En Asia meridional, más del 80% de las mujeres sin trabajo agrícola tienen un empleo informal; en el África Subsahariana son el 74% y en América Latina y el Caribe ronda el 54%, según ONU Mujeres. Es la única manera de sobrevivir y sacar adelante a sus familias. Pero mientras venden sus productos en la calle, muchas han sido víctimas de acoso sexual, extorsión y otros tipos de violencia.
El mercado de Kigali (Ruanda) busca ser un ejemplo de urbanismo inclusivo y resiliente. Aquí las mujeres, en colaboración con la ONU, han creado un espacio de venta que, además de contar con una infraestructura adecuada, tiene una zona para las madres lactantes y guardería. En Port Moresby (Papúa Nueva Guinea), las comerciantes se han asociado para redefinir las infraestructuras del mercado con enfoque de género y capacitar a la policía en prevención y atención de las violencias que sufren las mujeres. Su iniciativa se replicará en Fiji, Islas Salomón y Vanuatu.
“Cada vez hay más sensibilización y voluntad política y técnica, impulsada por los movimientos de base, para generar cambios en los espacios públicos —asegura D´Silva—. Pero queda mucho por hacer”.
Desde el urbanismo feminista, Col·lectiu Punt 6 apuesta por seis principios de seguridad para revertir el androcentrismo que determina la configuración de los espacios públicos: “Para que un entorno se sienta seguro para las mujeres debe ser visible, vigilado, equipado, señalizado, vital y comunitario”, señala Ortiz Escalante.

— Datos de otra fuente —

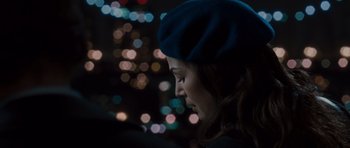 Movie still from “Barney's Version” (2010), directed by Richard J. Lewis – A woman wearing a blue hat looking down at the ground; Close Up shot, Over the shoulder angle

La visibilidad implica una buena iluminación y que no se creen involuntariamente zonas ocultas. Además, Col·lectiu Punt 6 presta atención a la “visibilidad simbólica”, que engloba elementos como vallas publicitarias o murales que facilitan —o dificultan— que un lugar sea cómodo para todo el mundo.
El uso de la señalización (información de horarios de transporte o rutas de interés para residentes y no sólo para los turistas) y contar con instalaciones adecuadas y equipadas (como paradas de bus transparentes o mecanismos de denuncia de agresiones en tiempo real) contribuyen a hacer un territorio más acogedor para sus habitantes. Como medida de precaución y control, el hecho de que la propia vecindad, negocios y transeúntes mantengan una zona “vital” (“vigilancia informal”) es más efectivo que la instalación de cámaras.
Pero estos principios no pueden diseñarse únicamente desde un despacho. El aspecto comunitario es indispensable. “Los espacios seguros deben construirse con la participación de las personas de la zona —señala Ortiz Escalante—. Las mujeres tienen que explicar qué elementos causan seguridad o inseguridad”.
Algunos países como Portugal, Bélgica o India sancionan legalmente el acoso en los espacios públicos. “La legislación es importante —cuenta D´Silva—. Pero no sirve de mucho si se desconoce. Muchas personas no pueden reconocer los diferentes tipos de violencia contra las mujeres. Se requiere una ciudadanía concienciada y activa”.